NON-GAAP FINANCIAL MEASURES
In presenting the Company's results, management has included and discussed in this press release certain non-generally accepted accounting principles ("non-GAAP") financial measures within the meaning of Regulation G as promulgated by the U.S. Securities and Exchange Commission. Management believes that these non-GAAP measures, which may be defined differently by other companies, better explain the Company's results of operations in a manner that allows for a more complete understanding of the underlying trends in the Company's business. However, these measures should not be viewed as a substitute for those determined in accordance with generally accepted accounting principles ("U.S. GAAP").
“Underwriting income” is an internal performance measure used in the management of the Company’s operations and represents net amount earned from underwriting activities (net premiums earned less underwriting expenses and claims incurred). Although this measure of profit (loss) does not replace net income (loss) computed in accordance with U.S. GAAP as a measure of profitability, management uses this measure of profit (loss) to focus our reporting segments on generating underwriting income. The Company presents Underwriting income as a measure that is commonly recognized as a standard of performance by investors, analysts, rating agencies and other users of its financial information.

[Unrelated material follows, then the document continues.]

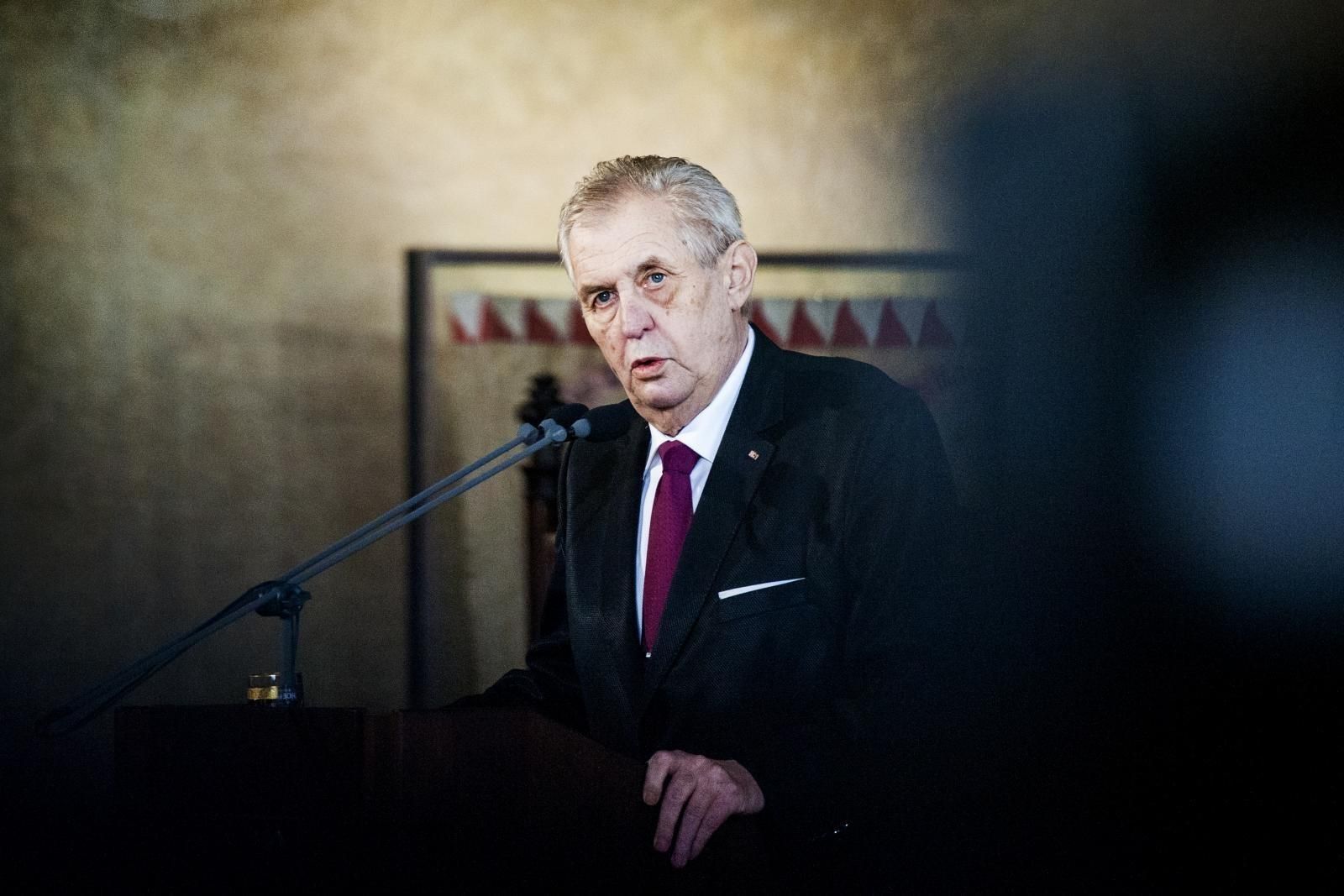 В МИД Украины ответили президенту Чехии на предложение изменить Конституцию Украины
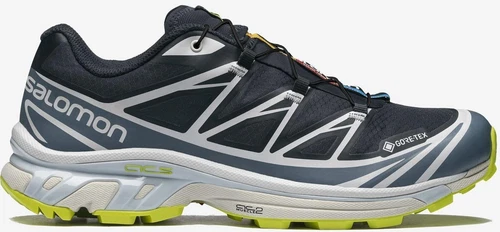 Salomon XT-6 GORE-TEX Night Sky Acid Lime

“Adjusted operating income" is an internal performance measure used in the management of the Company's operations and represents after-tax (at an assumed effective tax rate of 20%) operational results excluding, as applicable, net realized investment gains or losses, net foreign exchange gain or loss, and other similar non-recurring items. The Company excludes net realized investment gains or losses, net foreign exchange gain or loss, and other similar non-recurring items from the calculation of adjusted operating income because these amounts are influenced by and fluctuate in part, by market conditions that are outside of managements’ control. In addition to presenting net income determined in accordance with U.S. GAAP, the Company believes that showing adjusted operating income enables investors, analysts, rating agencies and other users of the Company's financial information to more easily analyze our results of operations and underlying business performance. Adjusted operating income should not be viewed as a substitute for U.S. GAAP net income. "
"Annualized return on average shareholders’ equity" ("ROAE") is calculated using average shareholders' equity. In calculating ROAE, the net income available to shareholders for the period is multiplied by the number of periods in a calendar year to arrive at annualized net income available to shareholders. The Company presents ROAE as a measure that is commonly recognized as a standard of performance by investors, analysts, rating agencies and other users of its financial information.
"Annualized adjusted operating return on average shareholders' equity" is calculated using adjusted operating income (as defined above and annualized in the manner described for net income (loss) available to shareholders under ROAE above) and average shareholders' equity. The assumed tax rate is 20%.
Reconciliations of these financial measures to their most directly comparable U.S. GAAP measures are included in the attached tables.